Okay, aller guten  Dinge sind Drei! smile
Meine "Blackwater & Coos Bay Railroad Co." war zuerst in Modulen geplant, der Eine oder Andere hat hier noch die Pläne gesehen.
Dann zogen wir ins eigene Haus um, mit einem schönen nur teilrenoviertem Dachgeschoss. Genug Platz für eine Anlage. Nur, für den Plan, den ich entworfen hatte, hätte ich eine Zwischenwand einreissen müssen. Nebenbei wären Büro, Bastelzimmer und Modellbahnzimmer in einem Raum vereint gewesen. Wir (meine Frau und ich) haben uns schliesslich dagegen entschieden.

Hier kommt also nun der dritte (und hoffentlich letzte) Plan meiner Anlage.

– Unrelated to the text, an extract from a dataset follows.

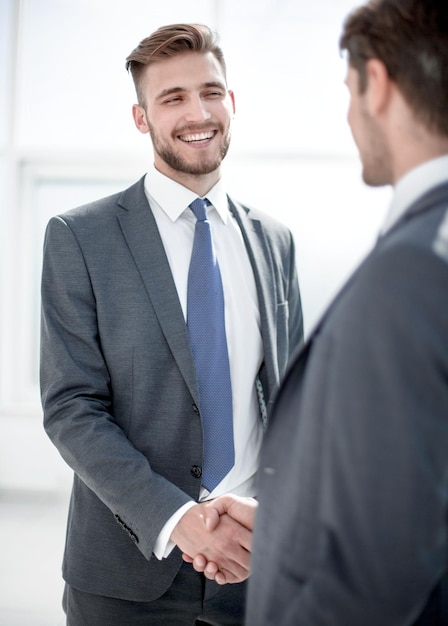 Glimlachende zakenpartners die handen schuddenconcept van samenwerking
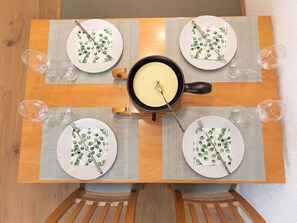 Ein Esstisch mit vier Tellern, auf jedem ein Messer und eine Gabel, sowie eine zentrale Schüssel mit Essen.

Immer noch als "Double-Deck", also in zwei Etagen, dazu ein "Stage Yard" unter einem Flügel der Anlage.
Gegenüber dem Vorgängerentwurf hat es nun ein dargestelltes Loging-Camp.
Kenner amerikanischer Modellbahn werden vielleicht als Kritik einwenden, dass ich hier für eine Schmalspurbahn einfach zu viel Gleise und zu viel Verkehr aufbaue.
Dies mag sein. Aber: die Anlage ist freelanced, also ohne konkretes Vorbild und soll nur eins, nämlich Spass machen.

Die Anlage ist in offener Rahmenbauweise geplant, wobei der Schattenbahnhof von der rechten Ebene abgehängt wird.
Kopfzerbrechen hat mir die obere Ebene gemacht. Mit einer Tiefe von 70 cm an der schmalsten Stelle kann ich wohl kaum ohne Stützen auskommen, es sei denn, ich verbaue Metall. Ich habe mit Querträgern aus handelsüblichen Regalsystemen vom Baumarkt geplant. Diese tragen bis zu 50kg, das müsste reichen.
Des weiteren sieht man auf den Plänen zwei Öffnungen: Der Raum hat ein Fenster (rechts) und eine Tür (links).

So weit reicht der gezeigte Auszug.